Across borders: science and technology during the Cold War. An introduction

 

 

Edna Suárez-Díaz (*), Gisela Mateos (**) and Ana Barahona (***)

(*) orcid.org/0000-0003-2259-3110. Departamento de Biología Evolutiva. Facultad de Ciencias, UNAM. ednasuarez@ciencias.unam.mx
(**) orcid.org/0000-0003-4288-4775. Centro de Investigaciones Interdisciplinarias en Ciencias y Humanidades, UNAM. gisela.mateos@unam.mx
(***) orcid.org/0000-0001-7765-6444. Departamento de Biología Evolutiva. Facultad de Ciencias, UNAM. ana.barahona@ciencias.unam.mx

 

 

During the last decades we have witnessed an explosion of historical research on science during the Cold War period¹. The availability of archival and other historical resources, and the recognition that the social history of this period cannot be written without acknowledging the contribution of science and technology, are some of the reasons behind the accumulation of historical research on this period. Moreover, salient features of contemporary science, including the primacy of governmental over private financing of scientific research, have their roots not only in the post war configuration of science, but in Cold War anxieties that defined research priorities between the late 1940s and the 1980s. National security concerns, and its correlate, international collaboration, are also part of what today define the practice of science around the globe. International and bi-national agencies were created in this period and played a crucial role in the internationalization and standardization of science.

The recent historiographical interest on the "transnational" character of science intersects many of the Cold War themes. As mentioned above, international collaboration and the role of transnational agencies of patronage have been a constant subject in the field, as is the emphasis on the movement of people, materials, idea and instruments across national borders. It is true that these displacements did not start with the Cold War; however, the scale of international collaboration and interventions is not equaled by previous periods, and this fact reaches the historical profession too. A necessary reflexive stance should recognize that we, historians, are embedded in the discourse of globalization. In this context we suggest that transnational history could reconfigure the professional field of the history of science by making visible places and actors that remained invisible in national and Western-centered narratives, and particularly for the Cold War literature, on the bi-polar confrontation between the USSR and the United States.

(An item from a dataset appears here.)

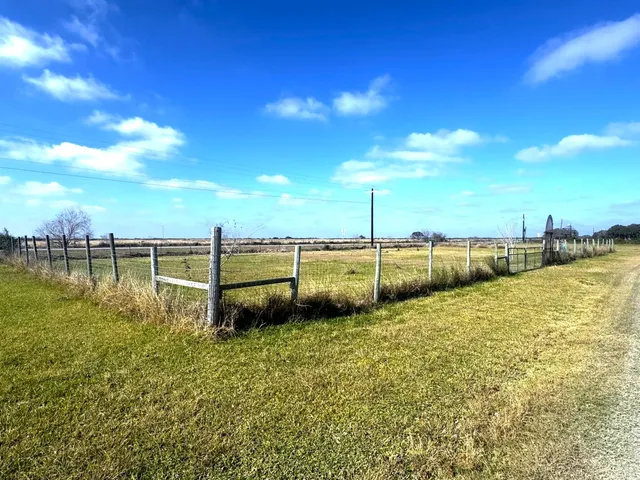 $29,900 | 303 Pinafore Court, Palacios, TX 77465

In a recent volume on the transnational turn in the history of science, Simone Turchetti, Néstor Herran and Soraya Boudia² claim that the amount of historical research on transnational science has not been accompanied by a thorough theoretical reflection on what this perspective offers to its practitioners. Answering the question of what the transnational turn is, they distinguish between a "set of tools" and a "way of seeing". In our view both aspects are closely related. The tool kit of the transnational historian seems to require enormous resources in terms of the number of people involved, financial support (to travel to different countries and archives), and linguistic skills, but also a set of questions that transcends the purely national context and follows practices across borders. Among these, how international or global scientific consensus has been produced, or how the standardization of techniques and instruments has taken place across different cultures, stand out. Internationalization also has other effects. Abir-Am, for instance, extends the impact of "transnational affiliates" in the emergence of the transdisciplinary field of Molecular Biology³. This special dossier includes cases that make reference to scientific projects in East and West Germany, as well as in Mexico, Oxford, and the International Atomic Energy Agency (IAEA). However, these are not the usual local accounts. All of these projects reached beyond national frontiers: Mexico and its convoluted relation with the United States; East Germany and its relation to the USSR and West Germany; the IAEA and its failed attempts to transform agriculture through mutation breeding in the Third World; or the World Health Organization chromosome world surveys performed from the United Kingdom. The level of scientific exchanges that these papers illustrate challenges national traditional accounts of the period. These exchanges had been promoted starting in the late 1940s but intensified by the mid 1950s, as a result of development programs and the Atoms for Peace initiative.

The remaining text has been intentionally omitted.